Arnon’s lawyer Kritsadang Nutcharat told Reuters that his client “denied wrongdoing,” and added that his team would lodge an appeal and if necessary, take the case to the Supreme Court.

Yesterday’s verdict is the second of 14 cases against Arnon under the lese-majeste law which carries punishments of up to 15 years in prison. In September, he was sentenced to four years in prison in the first case, which involved a speech that he gave during a pro-democracy protest in October 2020, when he called for greater public debate on the political role of the Thai monarchy.

Arnon was a prominent leader of the campaign of youth-dominated protests that erupted in the middle of that year after the court-ordered dissolution of the progressive Future Forward Party, after it came in third place at the 2019 general election. The protests demanded the resignation of Prime Minister Prayut Chan-o-cha and the creation of a new and genuinely democratic constitution. Many activists also took the perilous step of breaking the taboo against including the Thai monarchy in their critique of Thailand’s lopsided concentrations of wealth and power, calling for reforms to its power.

Since last year’s conviction, the courts have already rejected three petitions for his temporary release on bail pending appeal and Arnon has now abandoned the attempt. If convicted under the remaining 12 lese-majeste cases against him, Arnon could conceivably spend decades in prison.

Yesterday’s lese-majeste ruling is part of a broader offensive by Thailand’s conservative royalist establishment against the leaders of the protest movement, whose youthful constituency helped drive the progressive Move Forward Party (MFP), the successor to Future Forward, to victory at the general election in May.

Since the 2020 protests, at least 262 people have been charged with lese-majeste, according to the advocacy group Thai Lawyers for Human Rights. Another 138 people have been charged with sedition under Article 116 of the criminal code.

In many ways, the government’s behavior since early 2021 has merely proved the truth of Arnon’s claim that the lese-majeste law is being used to repress what would in most other contexts be legitimate political critiques. Indeed, advocating for the reform or repeal of Article 112 has itself become a risk factor for prosecution under Article 112. For advocating the reform of the law, among other progressive pledges, the MFP was blocked from forming the government after May’s election, and was subsequently forced into opposition.

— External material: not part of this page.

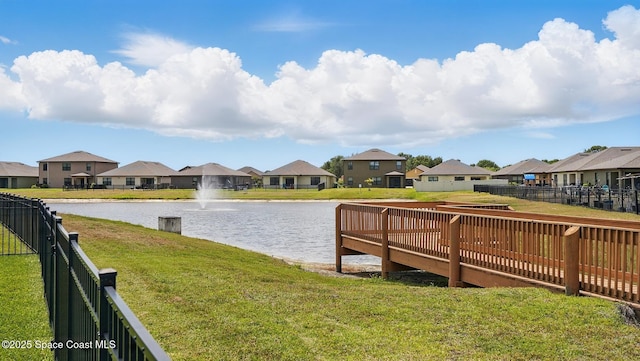 dock area featuring a water view and a residential view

The political bias in the Thai court system was underscored by another verdict yesterday, in which the Criminal Court in Bangkok acquitted 32 leaders and members of the misnamed People’s Alliance for Democracy (PAD) on terrorism and rebellion charges. Known as the “yellow shirts,” the ultra-royalist PAD seized control of Bangkok’s two airports during protests against the government aligned with former Prime Minister Thaksin Shinawatra in late 2008, forcing the closure of Suvarnabhumi International Airport for more than a week.

According to the Bangkok Post, the court “ruled there was insufficient evidence to prove the defendants had committed insurrection, assaulted officials or obstructed them from performing their duties, or illegally detained any official or disrupted a communications system or air travel services during their protest at the airport.” The defendants were also accorded leniency because the protesters were peaceful and unarmed.

Despite this, the disruption of the airports led to the cancellation of hundreds of flights and was estimated to have cost the Thai economy at least 3 billion baht (nearly $85 million) per day in lost revenue.

Whether or not the “yellow shirt” action constituted terrorism or rebellion is questionable. But the confluence of these two cases underlines a long-standing reality–pro-establishment activism enjoys a degree of tolerance not accorded to those who are critical of the system.